O erro mais comum: cobrar só pelo filamento
Muitos donos de negócios de impressão 3D cometem um erro que parece lógico no início, mas destrói a lucratividade a longo prazo: cobrar apenas pelo filamento utilizado.
Quem entra nesse caminho geralmente pensa assim: "a impressão usou 100g de filamento a R$ 0,05 por grama, então cubro R$ 5 de custo material e já ganho algo em cima". Só que esse raciocínio ignora custos invisíveis que roem seu lucro todo dia.
Precificar encomendas 3D corretamente exige uma visão completa do negócio. Vamos entender quais são esses custos e como construir um preço que realmente funciona.
Quais custos você realmente tem
Quando você aceita um pedido de impressão 3D, não está pagando só pelo filamento. Veja o que de fato sai do seu bolso:
- Filamento: o custo direto do material utilizado
- Eletricidade: cada hora de impressora ligada consome energia
- Desgaste do equipamento: bicos, placas de impressão, hotend têm vida útil limitada
- Pós-processamento: se você faz limpeza, suporte removido, pintura ou acetona, isso é trabalho seu
- Overhead: aluguel do espaço, internet, software de gestão
- Tempo de operação: calibração, limpeza, resolução de problemas, empacotamento
- Defeitos e retrabalhos: nem toda impressão sai perfeita na primeira
Esses custos não aparecem no peso do filamento, mas aparecem na realidade financeira.
Montando a fórmula de preço
Um método prático é começar pela estrutura de custo por hora de impressão. Vamos a um exemplo ilustrativo:
Cenário:
- Seu filamento custa em média R$ 0,08 por grama
- Uma impressão consome 150g (R$ 12 de material)
- A impressora fica ligada por 5 horas
- Seus custos operacionais (energia, aluguel, software, depreciação) somam R$ 50 por dia útil de trabalho (8 horas/dia)
Cálculo do custo operacional por hora: R$ 50 ÷ 8 horas = R$ 6,25 por hora de máquina
Custo total da encomenda:
- Filamento: R$ 12
- Operacional (5 horas × R$ 6,25): R$ 31,25
- Custo total: R$ 43,25
Agora, defina sua margem de lucro desejada: Se você quer 50% de margem de lucro (o que é razoável para um negócio de produção), o preço final é:
Custo total ÷ (1 - margem) = R$ 43,25 ÷ 0,5 = R$ 86,50
De forma mais simples: Custo × 2 = Preço final com 50% de margem.
Ajustando por canal de venda
Nem todo cliente é igual. Quem vende via marketplace paga comissão. Quem faz encomendas personalizadas pode cobrar diferente de quem vende peças em catálogo.

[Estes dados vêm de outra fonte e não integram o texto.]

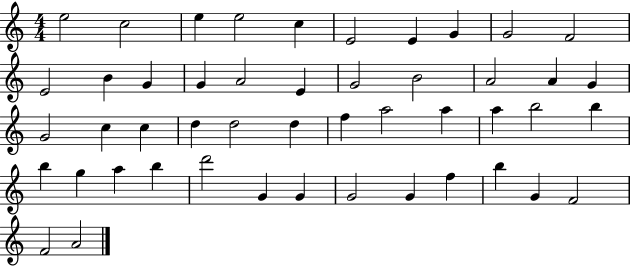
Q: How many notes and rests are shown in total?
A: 48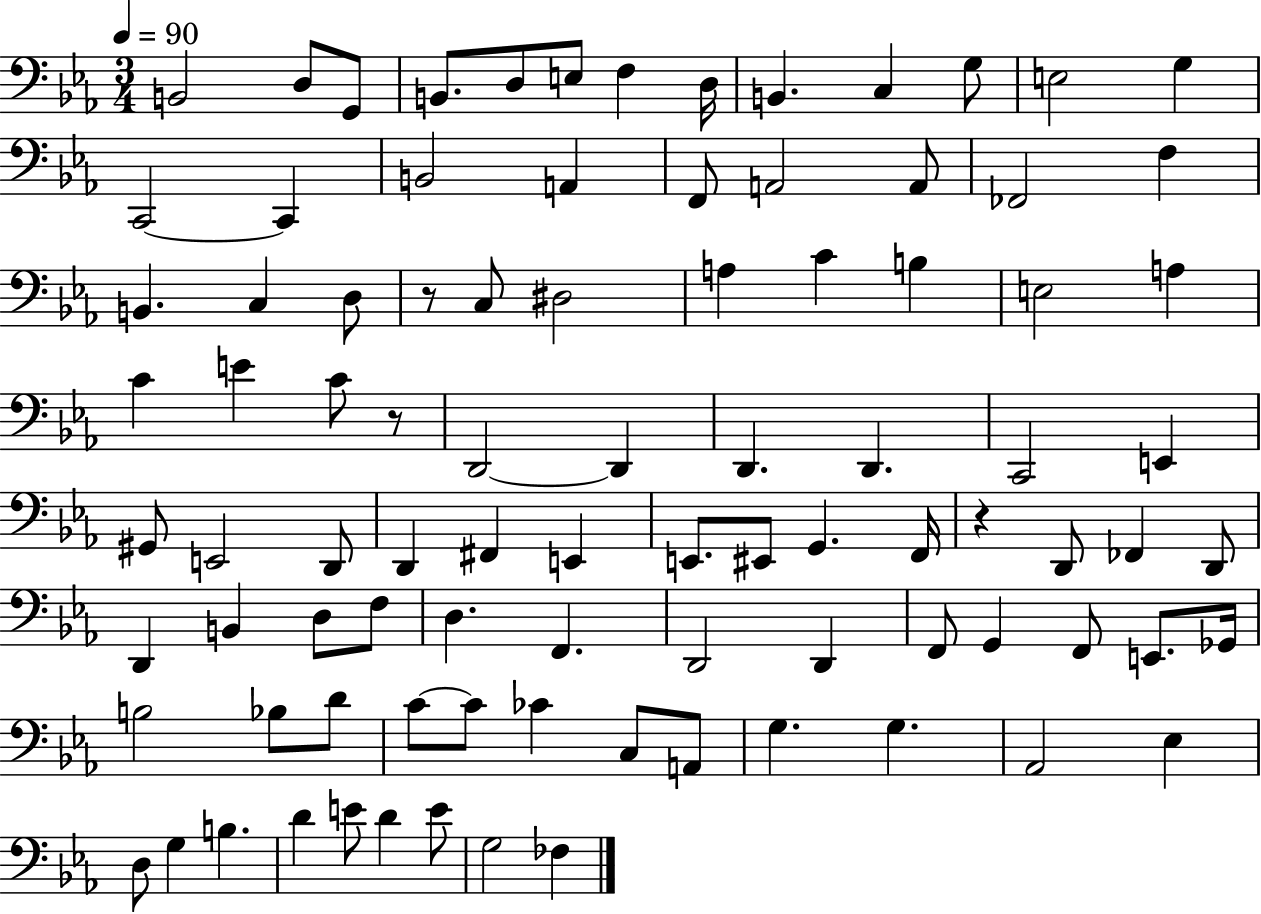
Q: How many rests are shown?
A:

Se você vende em marketplace com 15% de comissão, precisa adicionar esse percentual ao cálculo para manter a mesma margem real. Ou seja, você coloca um preço maior no marketplace do que para cliente direto.

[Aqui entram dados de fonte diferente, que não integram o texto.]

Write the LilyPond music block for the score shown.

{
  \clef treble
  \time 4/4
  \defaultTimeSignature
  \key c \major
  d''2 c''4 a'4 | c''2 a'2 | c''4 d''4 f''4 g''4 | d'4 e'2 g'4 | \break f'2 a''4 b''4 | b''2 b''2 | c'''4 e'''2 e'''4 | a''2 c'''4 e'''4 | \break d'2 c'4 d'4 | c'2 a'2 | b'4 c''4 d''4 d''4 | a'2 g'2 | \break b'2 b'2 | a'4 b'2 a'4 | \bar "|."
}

Cada canal tem sua realidade de custo — e isso muda como você deve precificar. Um bom sistema de gestão permite aplicar margens diferentes por canal, garantindo que você nunca feche um pedido com prejuízo só porque o marketplace cobra comissão.
Validando seu preço
Depois de montar a fórmula, teste na prática:
- Imprima alguns produtos de teste e meça o tempo real de impressão
- Acompanhe os defeitos: quantas impressões falham e quanto custa refazer
- Revise seus números mensalmente: os preços dos materiais podem variar
- Compare com o mercado: seu preço está próximo do que concorrentes cobram? Se muito acima ou abaixo, revise suas premissas
O preço não precisa ser idêntico ao da concorrência, mas precisa estar na realidade — e isso só funciona se você conhece seus custos reais.
Automação que economiza tempo
Fazer essas contas de cabeça ou em planilha simples funciona inicialmente, mas à medida que seus pedidos crescem, fica impraticável revisar cada preço manualmente.
Uma boa prática é centralizar essa gestão em um lugar onde você vê todos os custos (filamento estocado, horas de máquina, overhead) e aplica margens consistentes. Precifique certo com o Printio, que deixa você definir margens por tipo de produto e canal de venda, garantindo que nenhuma encomenda saia com surpresa desagradável.
Conclusão
Precificar encomendas 3D sem perder dinheiro exige disciplina e números claros. Filamento é só a ponta do iceberg. Quando você conhece seus custos reais — material, energia, desgaste, tempo — consegue cobrar um preço justo que sustenta o negócio.
Comece mapeando seus custos mensais, divida pelo volume de horas de máquina e adicione a margem que você merece. Seus lucros vão fazer sentido a partir daí.